Natura, come quella che segue, hanno acceso nell’animo di un lettore-alfiere dell’ambientalismo come Fulco Pratesi la voglia di andare a vedere con i propri occhi quei luoghi: “È raro se scorgete un banian torreggiare al di sopra di quelle gigantesche canne, ancor più raro se v’accade di scorgere un gruppo di manghieri, di giacchieri o di nagassi sorgere fra i pantani, o se vi giunge all’olfatto il soave profumo del gelsomino, dello sciambaga o del mussenda, che spuntano timidamente fra quel caos di vegetali. È là, fra quegli ammassi di spine di bambù, fra quei pantani e quelle acque gialle, che si celano le tigri; è là che nuotano e spiano la preda orridi e giganteschi coccodrilli, sempre avidi di carne umana; è là che vaga il formidabile rinoceronte a cui tutto fa ombra e lo irrita alla pazzia; è là che vivono e muoiono le numerose varietà di serpenti indiani”. Così commenta Pratesi: “Quelli che Salgari chiama giacchieri sono i jackfruit (Artocarpus heterophyllus), un albero che produce grandi frutti gustosi, parente stretto dell’albero del pane. I manghieri sono invece i mangostani (Garcinia mangostana), piante arboree che producono anch’esse dei frutti eduli. I nagassi e la sciambaga sono arbusti dai fiori profumati, come la mussenda, tipici del sottobosco. Frutta a parte, pensate che tali orride descrizioni avrebbero potuto distogliermi dal sogno di andare a visitare, appena possibile, questo regno selvaggio di thugs e di cobra, di coccodrilli e di bambù spinosi? Naturalmente no. E così ci sono andato” (Fulco Pratesi, “Nella giungla di Sandokan”, Gallucci editore).
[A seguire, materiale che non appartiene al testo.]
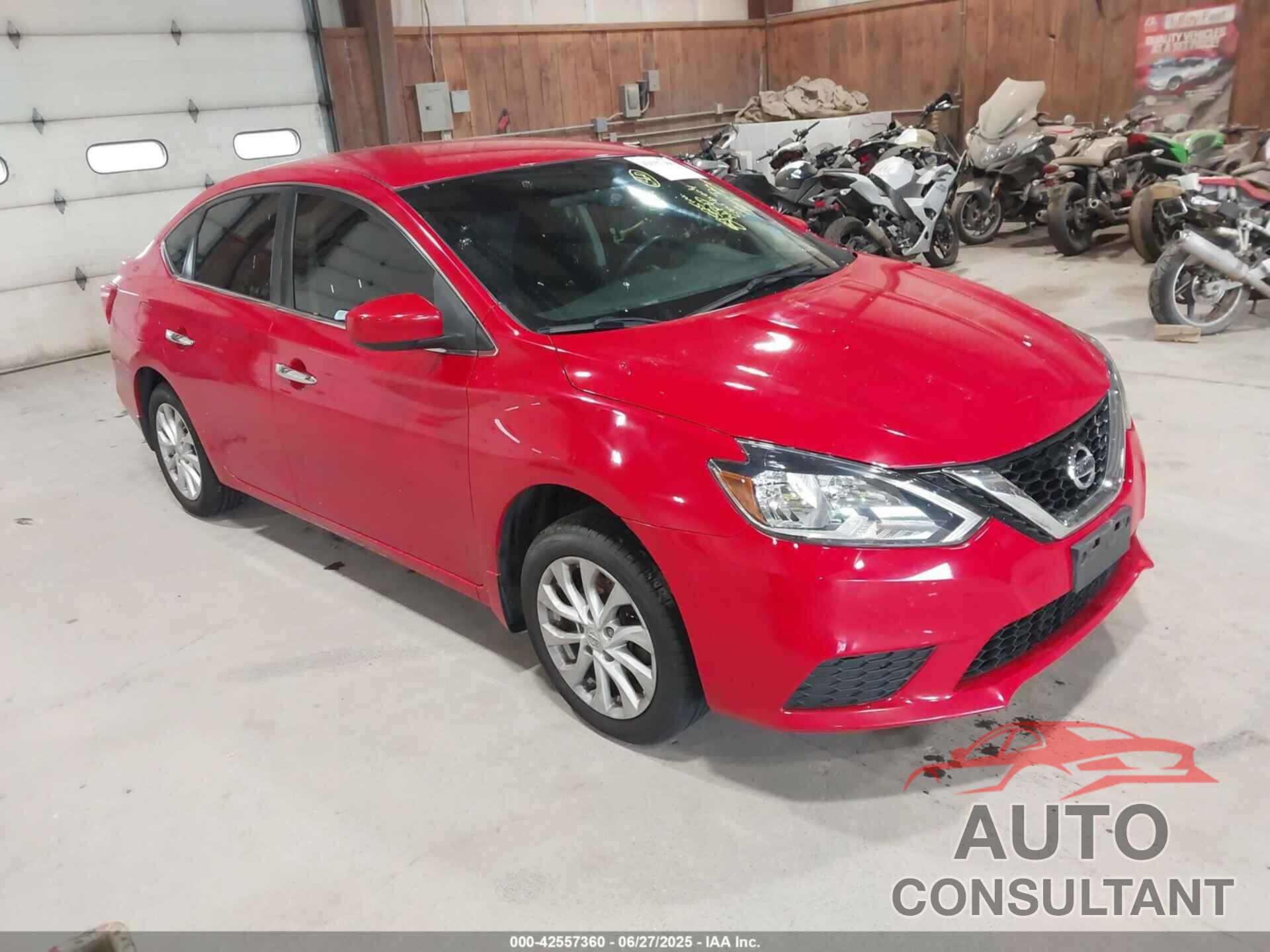 NISSAN SENTRA 2019 - 3N1AB7AP6KL606267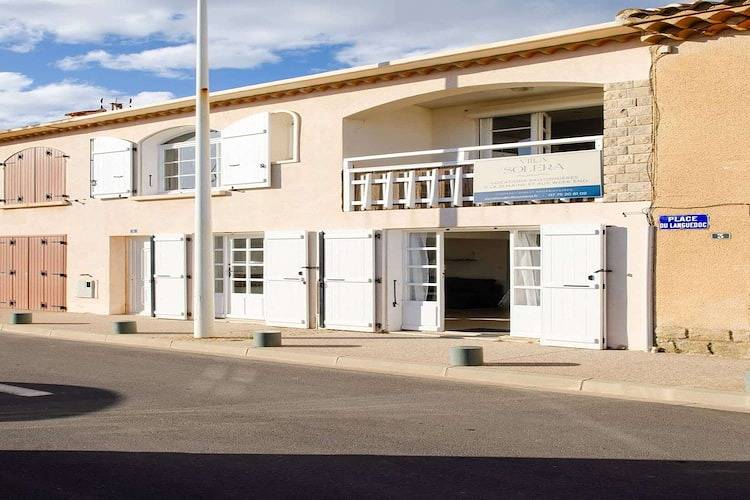 Ganze Wohnung, Familienapartment 30 m vom Strand entfernt in Valras-Plage, Mittelmeerküste (Frankreich)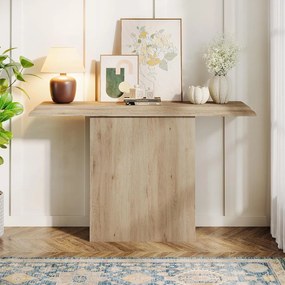 MAM6 - Masa Consola, 105 cm, masuta hol, living, dining, dormitor - Maro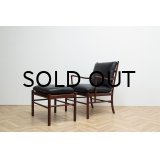 Ole Wanscher PJ149 Colonial Chair & Ottoman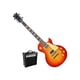 thumbnail image 1 of Guitarra Eléctrica Page + Amplificador 10w, 1 of 5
Di quei luoghi resta nella memoria, insieme ai personaggi epici che la frequentarono, il cacciatore di serpenti Tremal-Naik e il suo fedele servitore Kammamuri
IL RITORNO IN TV

La Tigre della Malesia è pronta a ruggire ancora. Nel 1976 la Rai mandò in onda lo sceneggiato “Sandokan” diretto da Sergio Sollima, e accadde qualcosa di magico: il Paese si fermò. L’interpretazione carismatica dell’attore indiano Kabir Bedi, unita a una produzione imponente per l’epoca, con location esotiche e scene d’azione memorabili, trasformò la serie in un fenomeno culturale senza precedenti. Ora il testimone passa a Can Yaman (nella foto), attore turco di fama internazionale. La nuova serie, prodotta da Lux Vide in collaborazione con Rai Fiction, non sarà un semplice remake, ma una rilettura del mito salgariano, pensata per un pubblico globale e abituato ai linguaggi della serialità contemporanea. Il nuovo Sandokan si propone come un personaggio più complesso e sfaccettato, un eroe moderno che combatte le sue battaglie in un mondo globalizzato.